Image © Simon Clayson

The biggest obstacle I face as a writer is overcoming the tendency to put writing on the back burner.  Writing is my life, my love, and my means of staying sane; I’ve put writing before friends, jobs, and relationships—

So why can’t I put more importance on setting aside time to write?

My excuses:

  • There’s a show that I want to watch.  (I have a DVR.  This shouldn’t even be an excuse.)
  • Facebook.  (Life-destroying social network paired with my apparent lack of willpower.)
  • There’s always a fresh idea beyond the one I’m working on.  (Attention span fail.)

Are any of them valid?  No.  Not really.  They waste time, make me homesick, show just how lazy I am.  And when I schedule time to write, I usually foul it up somehow: procrastinate, self-sabotage, just plain fail.  Being a “work in progress” as a person and as a writer must yield some progress if it’s going to continue to be an excuse for my shortcomings.

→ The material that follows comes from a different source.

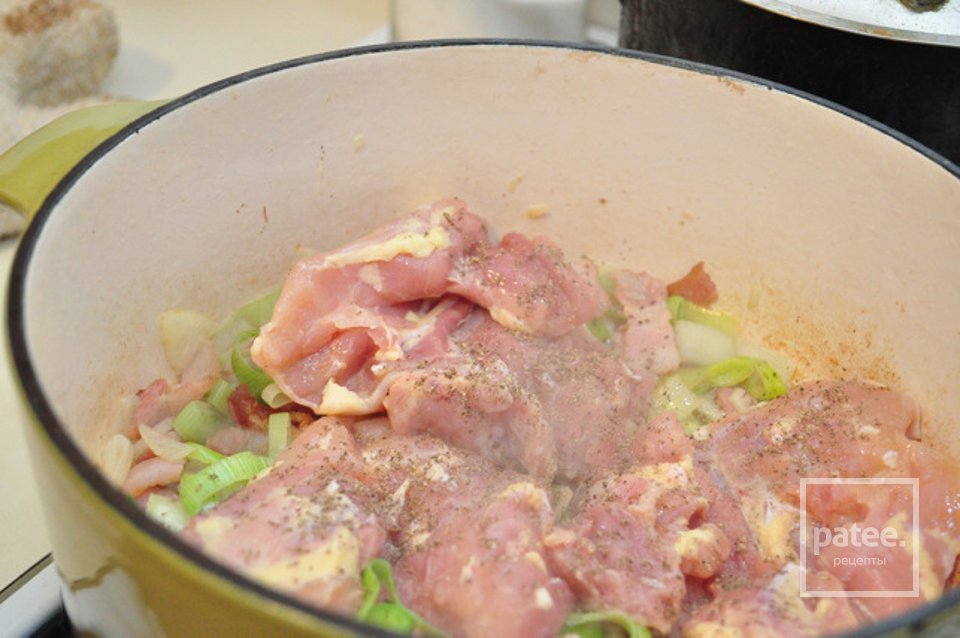 Курица с грибами в винном соусе - Шаг 8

This post isn’t going to offer you a definite solution.  I can offer some suggestions that I should probably try myself. I suppose what people like me—people like us—need most is a support group to keep one another accountable.  I’m not sure how to go about this yet, but if I come up with anything, I’ll let you lovely people know.

So, suggestions?

  • Write it on your calendar.  Seeing “Write: 8a-3p” in your face makes it more tangible a goal than defining it vaguely in your head where you can’t physically see it.
  • Tacking/Taping sheets of inspiration, work, or development material around your work station.  It keeps your project real. I  look at it and remember little things I love about my project.  It makes me want to work on it.
  • Get other writers who need to get their work done to write with you.  Online or in a coffee shop.  Have word wars and share favorite sentences or bits of dialog.  Swap paragraphs and get opinions.  Never underestimate the support of writing with others.

Just remember that you don’t have to eat, sleep, and breathe writing to be a writer, but do make time for it.

How do you overcome procrastination and laziness?

Do you have a support network?  How deeply is your writing impacted by that network?